Cinque gli appalti milionari contestati, banditi dalle Asl di Bari e Lecce. Per Tedesco, le aule del tribunale si apriranno il 6 maggio prossimo, mentre l'interrogatorio di garanzia si terrà entro dieci giorni dinanzi al gip di Bari. Le posizioni di altri 14 imputati, che hanno chiesto il rito abbreviato, saranno discusse il 10 e il 24 aprile.

"Alberto Tedesco che già non era amministratore essendosi dimesso da assessore, oggi non è più nemmeno senatore e, dunque, il pericolo di reiterazione, inesistente sin dall'origine per una serie di ragioni, che spiegheremo nel corso del giudizio, ora è sicuramente venuto meno per le medesime ragioni indicate dagli stessi giudici: è venuta dunque meno ogni ragione che possa allo stato giustificare il perdurare della custodia cautelare". Lo ha detto il difensore di Tedesco, l'avvocato Rosita Petrelli, a poche ore dalla notifica delle due ordinanze di custodia cautelare ai domiciliari per l'ex senatore.

Petrelli ha anche annunciato che chiederà la revoca degli arresti. "Come è noto - prosegue il legale - sia il gip sia il Tribunale del Riesame, all'atto dell'adozione della misura cautelare degli arresti domiciliari, avevano motivato sulla necessità di evitare la reiterazione di reati. Infatti, secondo i giudici, Tedesco avrebbe potuto commettere reati contro la pubblica amministrazione, pur non rivestendo più la sua carica di assessore alla sanità, dalla quale pure si era volontariamente dimesso".

"La sua successiva elezione a senatore della Repubblica, secondo i giudici della misura - prosegue il legale - non aveva scongiurato il periculum di reiterazione. Pur non condividendo tale assunto, laddove è di tutta evidenza che il parlamentare è chiamato a legiferare e non anche ad amministrare, abbiamo inteso rispettare la volontà dei giudici, quella che si è espressa attraverso il giudicato cautelare".

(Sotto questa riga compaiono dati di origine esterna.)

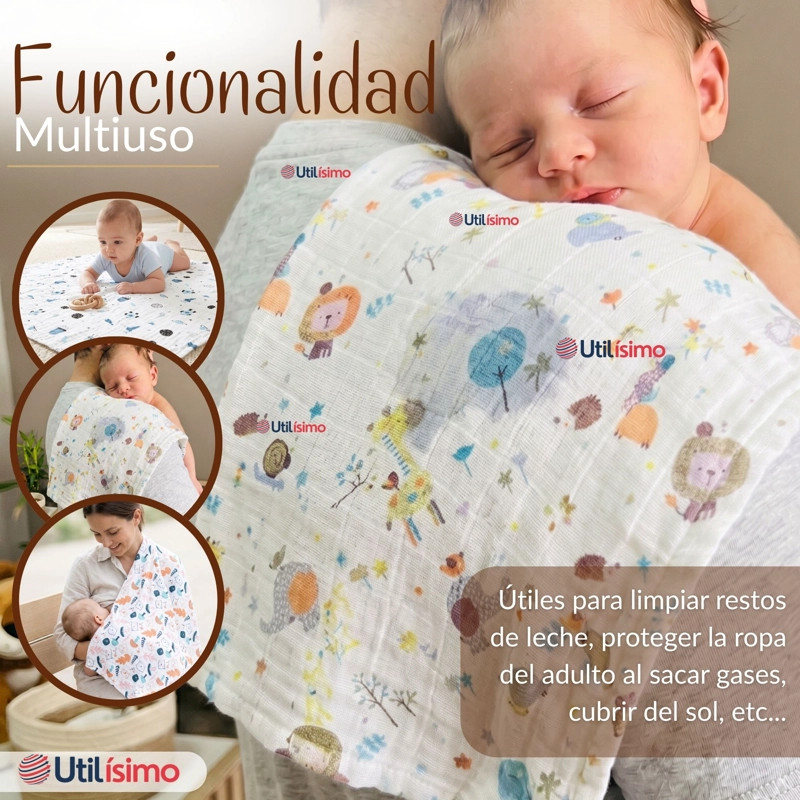 PACK 3 MANTAS MUSELINA 70X 70 CM BEBE  NIÑO MULTIUSO 100% ALGODON COLORES SURTIDOS - 6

"Ma ora - aggiunge il difensore - le cose sono radicalmente cambiate. Devo dire che mi sarei aspettata che i pubblici ministeri, in piena coerenza con il loro ruolo, avessero richiesto essi stessi la revoca della misura cautelare sin dal momento in cui fu reso noto che il mio assistito, pur potendo, non intendeva ricandidarsi. Non lo hanno fatto, rispetto la loro scelta". "Sarò io - conclude Petrelli - a chiedere la revoca della misura non appena saremo di fronte al giudice, dinanzi al quale ribadiremo le ragioni della difesa".